The answer must consist of each line below that contains the word "para", copied in full.

[DATA Boundary: Start]

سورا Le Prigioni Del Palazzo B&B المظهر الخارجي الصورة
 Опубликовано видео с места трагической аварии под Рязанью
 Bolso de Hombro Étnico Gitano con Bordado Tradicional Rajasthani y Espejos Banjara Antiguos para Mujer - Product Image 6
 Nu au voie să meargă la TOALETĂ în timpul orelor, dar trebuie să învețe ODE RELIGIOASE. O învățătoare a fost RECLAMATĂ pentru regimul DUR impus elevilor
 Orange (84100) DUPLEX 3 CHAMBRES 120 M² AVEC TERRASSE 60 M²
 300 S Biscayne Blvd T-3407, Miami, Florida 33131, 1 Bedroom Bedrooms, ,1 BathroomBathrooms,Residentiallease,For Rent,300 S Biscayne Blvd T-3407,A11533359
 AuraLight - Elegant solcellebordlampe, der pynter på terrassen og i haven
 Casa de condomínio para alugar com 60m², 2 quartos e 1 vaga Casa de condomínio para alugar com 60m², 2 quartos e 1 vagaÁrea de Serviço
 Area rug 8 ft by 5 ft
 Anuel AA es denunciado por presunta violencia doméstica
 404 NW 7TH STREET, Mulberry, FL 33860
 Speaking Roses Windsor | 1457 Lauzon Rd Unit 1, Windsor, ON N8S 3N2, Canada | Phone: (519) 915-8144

[DATA Boundary: End]

**SOLUTION TO THIS PROBLEM:**
 Bolso de Hombro Étnico Gitano con Bordado Tradicional Rajasthani y Espejos Banjara Antiguos para Mujer - Product Image 6
 Casa de condomínio para alugar com 60m², 2 quartos e 1 vaga Casa de condomínio para alugar com 60m², 2 quartos e 1 vagaÁrea de Serviço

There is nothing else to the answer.